But this wasn't the real question: why XForms at all? Why use a client-side spec to constrain it in a server where it doesn't fit?


OK, here's the motivation. We have built a workflow engine (http://wfmopen.sourceforge.net) that uses an XML based workflow description language (XPDL).


Part of the definiton of a workflow is (better: may be) that a specific activity is to be executed by a human. And there again it may be that the action consists of providing some data, maybe based on the display of other data. So the activity is implemented as a call to a tool that displays some data in a form, lets the user edit or input some more data and returns the result to the workflow engine.

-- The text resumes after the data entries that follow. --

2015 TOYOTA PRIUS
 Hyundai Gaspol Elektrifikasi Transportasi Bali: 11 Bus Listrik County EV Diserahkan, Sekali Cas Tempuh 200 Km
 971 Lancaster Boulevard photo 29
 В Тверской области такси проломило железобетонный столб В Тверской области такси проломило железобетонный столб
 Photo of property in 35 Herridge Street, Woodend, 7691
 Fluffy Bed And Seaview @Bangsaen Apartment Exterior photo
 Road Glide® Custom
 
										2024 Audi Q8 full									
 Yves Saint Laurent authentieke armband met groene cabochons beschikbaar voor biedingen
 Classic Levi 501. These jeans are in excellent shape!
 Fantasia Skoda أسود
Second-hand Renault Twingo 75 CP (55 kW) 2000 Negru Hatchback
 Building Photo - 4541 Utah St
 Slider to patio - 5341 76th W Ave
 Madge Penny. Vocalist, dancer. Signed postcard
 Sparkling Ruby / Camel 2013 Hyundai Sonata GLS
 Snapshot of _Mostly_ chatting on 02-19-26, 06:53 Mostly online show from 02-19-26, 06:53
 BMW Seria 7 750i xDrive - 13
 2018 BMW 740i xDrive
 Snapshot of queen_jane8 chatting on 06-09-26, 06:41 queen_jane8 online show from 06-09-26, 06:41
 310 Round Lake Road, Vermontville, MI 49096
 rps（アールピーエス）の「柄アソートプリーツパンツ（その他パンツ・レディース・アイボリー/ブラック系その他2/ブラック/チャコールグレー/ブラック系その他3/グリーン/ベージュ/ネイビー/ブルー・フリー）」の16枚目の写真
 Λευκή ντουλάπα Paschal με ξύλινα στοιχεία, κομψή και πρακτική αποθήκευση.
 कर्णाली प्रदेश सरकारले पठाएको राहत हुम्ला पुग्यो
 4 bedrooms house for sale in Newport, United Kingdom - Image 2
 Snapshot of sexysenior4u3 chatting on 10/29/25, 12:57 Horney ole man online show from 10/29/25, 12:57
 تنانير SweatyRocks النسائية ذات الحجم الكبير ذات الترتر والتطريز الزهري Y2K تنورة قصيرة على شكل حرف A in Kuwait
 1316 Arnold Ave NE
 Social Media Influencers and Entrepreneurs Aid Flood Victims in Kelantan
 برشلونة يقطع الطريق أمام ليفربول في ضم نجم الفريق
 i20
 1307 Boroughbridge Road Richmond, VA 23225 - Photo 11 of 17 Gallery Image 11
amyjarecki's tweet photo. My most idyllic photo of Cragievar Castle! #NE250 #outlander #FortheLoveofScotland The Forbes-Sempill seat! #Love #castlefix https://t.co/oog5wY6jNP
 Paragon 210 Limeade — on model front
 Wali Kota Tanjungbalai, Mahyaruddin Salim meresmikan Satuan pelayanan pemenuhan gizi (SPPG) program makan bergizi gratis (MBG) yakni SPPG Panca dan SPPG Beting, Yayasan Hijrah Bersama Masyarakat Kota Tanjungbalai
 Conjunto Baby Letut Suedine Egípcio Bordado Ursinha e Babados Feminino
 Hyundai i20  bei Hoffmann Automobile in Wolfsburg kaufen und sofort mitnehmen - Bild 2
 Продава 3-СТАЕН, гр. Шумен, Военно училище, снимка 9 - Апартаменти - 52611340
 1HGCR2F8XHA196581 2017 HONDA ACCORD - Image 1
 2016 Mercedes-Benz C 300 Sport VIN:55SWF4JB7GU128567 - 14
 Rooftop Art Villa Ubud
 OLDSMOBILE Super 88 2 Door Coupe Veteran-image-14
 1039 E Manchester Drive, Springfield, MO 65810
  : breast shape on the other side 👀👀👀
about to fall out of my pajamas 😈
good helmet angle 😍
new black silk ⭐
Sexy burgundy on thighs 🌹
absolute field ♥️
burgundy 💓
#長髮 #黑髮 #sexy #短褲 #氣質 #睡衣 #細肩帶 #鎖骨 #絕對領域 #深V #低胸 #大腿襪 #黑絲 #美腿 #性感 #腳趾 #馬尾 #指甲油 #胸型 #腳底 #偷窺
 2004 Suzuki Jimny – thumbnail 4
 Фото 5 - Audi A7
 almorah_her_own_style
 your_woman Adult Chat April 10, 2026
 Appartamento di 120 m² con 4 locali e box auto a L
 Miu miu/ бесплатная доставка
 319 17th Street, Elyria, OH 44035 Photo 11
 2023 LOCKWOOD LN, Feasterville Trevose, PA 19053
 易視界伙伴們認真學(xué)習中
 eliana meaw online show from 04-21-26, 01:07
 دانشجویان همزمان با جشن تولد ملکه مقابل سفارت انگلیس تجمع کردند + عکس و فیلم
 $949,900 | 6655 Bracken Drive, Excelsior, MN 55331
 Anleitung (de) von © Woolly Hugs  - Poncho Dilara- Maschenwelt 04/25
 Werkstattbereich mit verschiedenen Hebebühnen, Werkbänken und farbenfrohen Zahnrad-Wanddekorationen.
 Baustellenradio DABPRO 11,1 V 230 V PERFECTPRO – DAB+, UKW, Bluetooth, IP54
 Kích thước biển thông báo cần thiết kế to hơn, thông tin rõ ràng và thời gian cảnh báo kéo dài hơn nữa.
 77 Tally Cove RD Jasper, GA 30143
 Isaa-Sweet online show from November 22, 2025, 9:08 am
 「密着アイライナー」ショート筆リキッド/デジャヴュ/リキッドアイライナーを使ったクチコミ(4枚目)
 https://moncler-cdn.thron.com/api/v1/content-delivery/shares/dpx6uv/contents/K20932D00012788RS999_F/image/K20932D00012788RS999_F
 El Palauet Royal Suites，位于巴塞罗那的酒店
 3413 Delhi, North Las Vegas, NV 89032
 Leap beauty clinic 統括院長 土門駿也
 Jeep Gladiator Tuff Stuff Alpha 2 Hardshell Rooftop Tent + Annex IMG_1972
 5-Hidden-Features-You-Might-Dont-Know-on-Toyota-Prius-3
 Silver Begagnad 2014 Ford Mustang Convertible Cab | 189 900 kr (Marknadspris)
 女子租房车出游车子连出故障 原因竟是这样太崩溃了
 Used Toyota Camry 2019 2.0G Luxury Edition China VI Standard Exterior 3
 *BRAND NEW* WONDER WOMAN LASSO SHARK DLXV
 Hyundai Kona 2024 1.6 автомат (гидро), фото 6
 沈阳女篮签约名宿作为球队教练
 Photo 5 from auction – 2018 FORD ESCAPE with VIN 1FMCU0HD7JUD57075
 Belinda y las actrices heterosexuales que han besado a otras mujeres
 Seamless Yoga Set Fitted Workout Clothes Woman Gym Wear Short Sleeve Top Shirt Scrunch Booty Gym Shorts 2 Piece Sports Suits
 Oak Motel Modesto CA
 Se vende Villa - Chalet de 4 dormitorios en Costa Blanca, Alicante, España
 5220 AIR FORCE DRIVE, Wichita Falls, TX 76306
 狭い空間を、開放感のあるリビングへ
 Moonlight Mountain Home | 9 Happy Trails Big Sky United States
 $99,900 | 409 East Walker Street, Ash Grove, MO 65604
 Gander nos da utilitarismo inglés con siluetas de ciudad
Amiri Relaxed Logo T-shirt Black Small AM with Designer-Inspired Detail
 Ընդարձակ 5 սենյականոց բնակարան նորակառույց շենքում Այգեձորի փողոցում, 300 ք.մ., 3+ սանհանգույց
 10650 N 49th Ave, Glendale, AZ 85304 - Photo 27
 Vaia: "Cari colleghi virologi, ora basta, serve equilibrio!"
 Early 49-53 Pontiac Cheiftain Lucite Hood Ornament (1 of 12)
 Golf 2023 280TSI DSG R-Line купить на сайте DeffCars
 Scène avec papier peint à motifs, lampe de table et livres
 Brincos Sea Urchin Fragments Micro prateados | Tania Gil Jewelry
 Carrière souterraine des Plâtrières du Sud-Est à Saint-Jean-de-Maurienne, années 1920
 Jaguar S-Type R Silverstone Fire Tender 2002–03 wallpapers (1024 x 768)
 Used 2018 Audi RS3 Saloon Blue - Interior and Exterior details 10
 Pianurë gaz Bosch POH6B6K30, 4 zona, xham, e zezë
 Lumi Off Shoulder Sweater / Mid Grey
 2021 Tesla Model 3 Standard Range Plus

Of course, we do not want to build a tool for every form. Rather we want to have one generic tool that can take the form description as a parameter. And we want to embed the form description in the workflow description as part of the tool definition.

And here is where XForms fits 100%. We simply use the (X)HTML with XForms UI-elements for the form as one of the parameters in the tool definition (i.e. you define a tool by combining the one generic implementation class with a specific HTML fragment). Into the HTML, the tool - when called - inserts the actual data and OUT parameters as a XForms model and then hands this to the XForms processor (at least that's the targeted scenario). Currently, we have a very, very small subset of the functionallity by simply applying a stylesheet with non-standard dynamic evaluations (to resolve the references to the model elements) to the mixture of HTML, XForms UI elements and XForms model, thus producing a displayable HTML form.

So, I do not favour XForms in particular. But it is the only starting point that I have found that supports this scenario with runtime form definition. Maybe I have simply not understood XMLForms in Cocoon, but I have tried. And I am sure to have understood that you need JavaBeans corresponding to your forms and this rules out XMLForms for our scenario, because we must be able to create the form completely at run time (from the workflow description). And though maybe possible, I do not want to do something with dynamic code generation (for the JavaBeans), I need a fully interpreted solution for form creation.

OK, this was a fast walkthrough and I hope I have made the problem clear. If you know of another approach to this, I would, of course, like to know about it.